* Material provided
*****

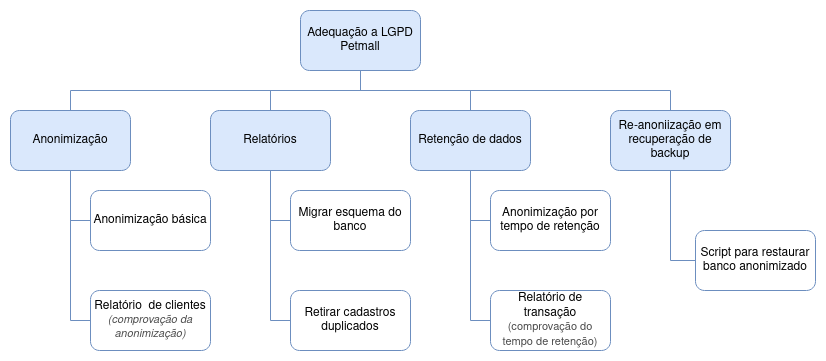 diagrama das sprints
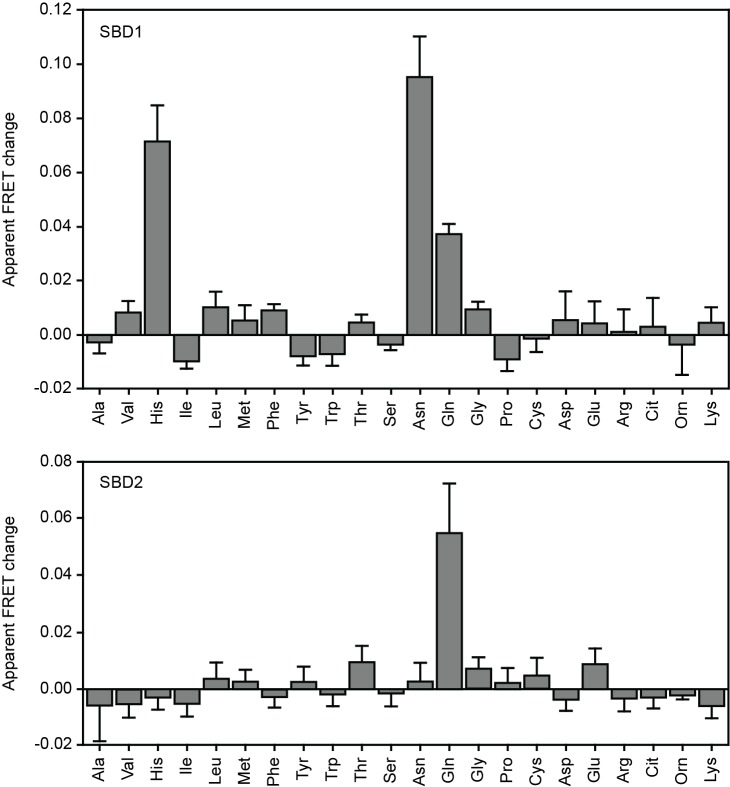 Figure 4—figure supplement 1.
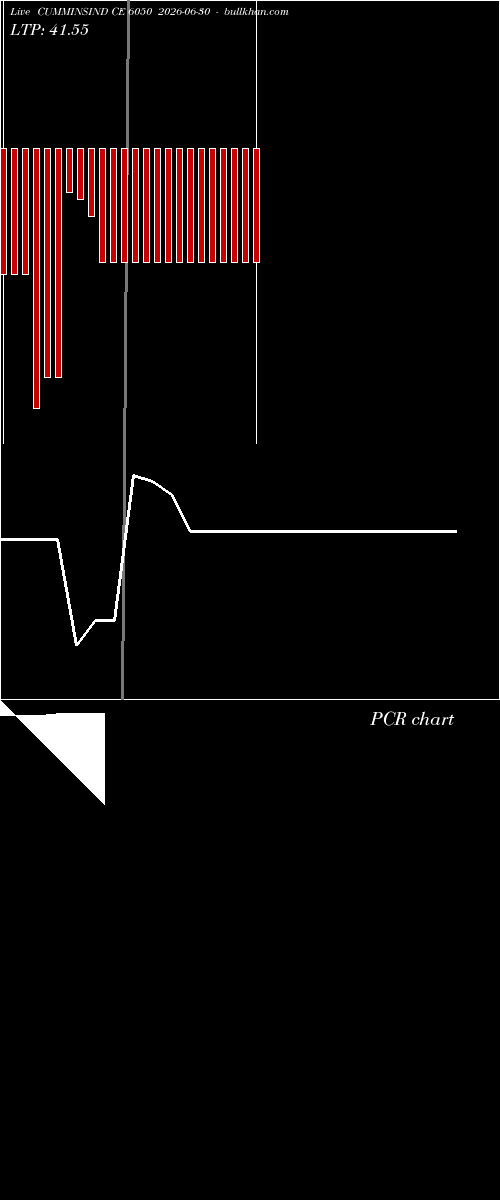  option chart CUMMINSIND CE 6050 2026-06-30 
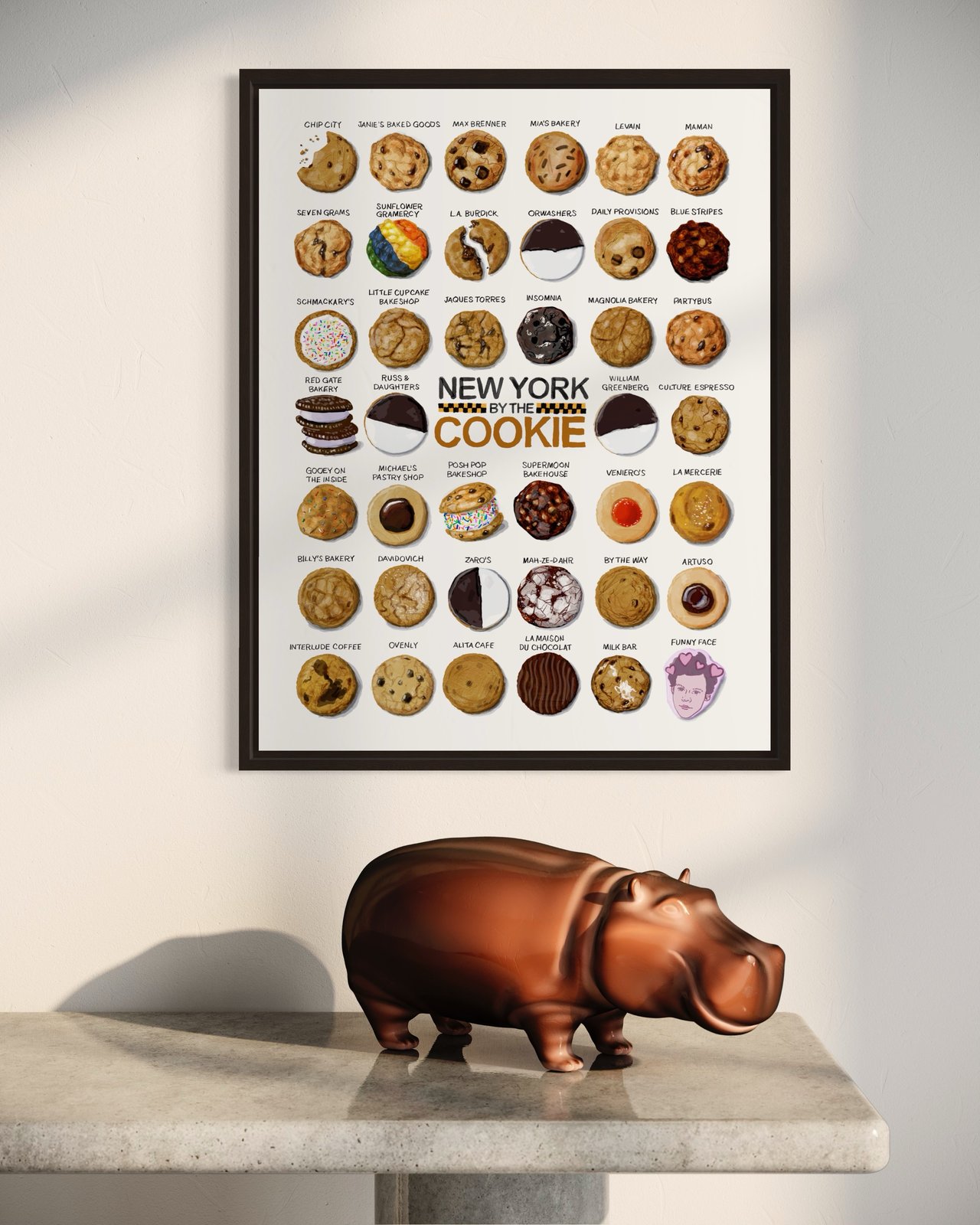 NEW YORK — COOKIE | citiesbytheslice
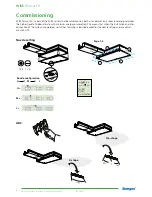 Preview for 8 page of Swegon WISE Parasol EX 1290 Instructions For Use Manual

*****

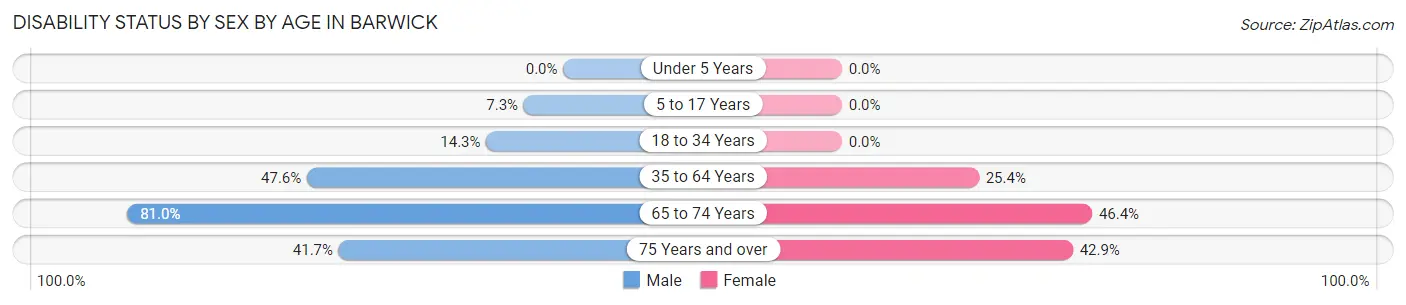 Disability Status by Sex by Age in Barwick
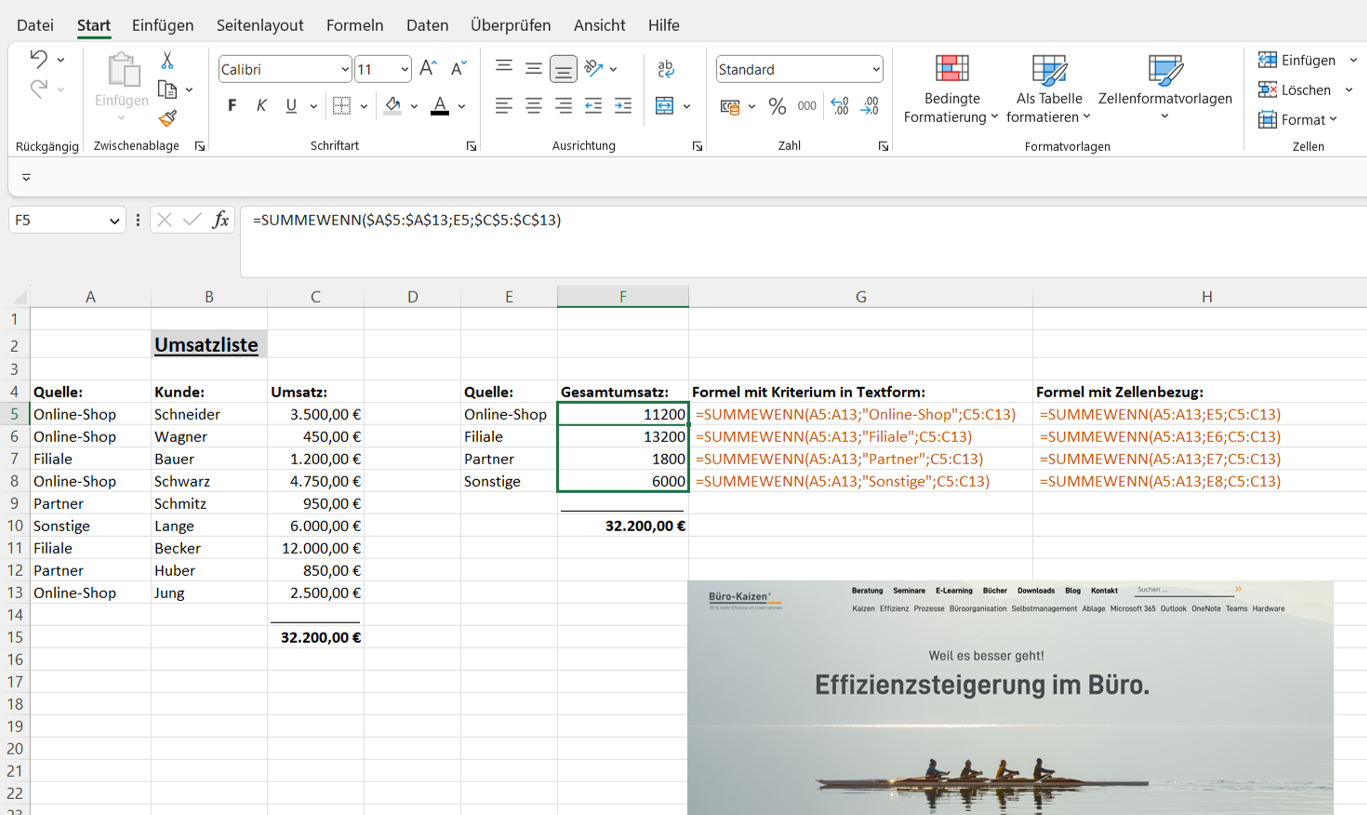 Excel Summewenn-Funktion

*****

* Aim of the exercise
Repeat exactly the stretch of the listing above that starts with the line holding "NEW YORK — COOKIE | citiesbytheslice" and finishes with the line holding "Preview for 8", both included. Skip every picture.

* Solution
 NEW YORK — COOKIE | citiesbytheslice
 Preview for 8 page of Swegon WISE Parasol EX 1290 Instructions For Use Manual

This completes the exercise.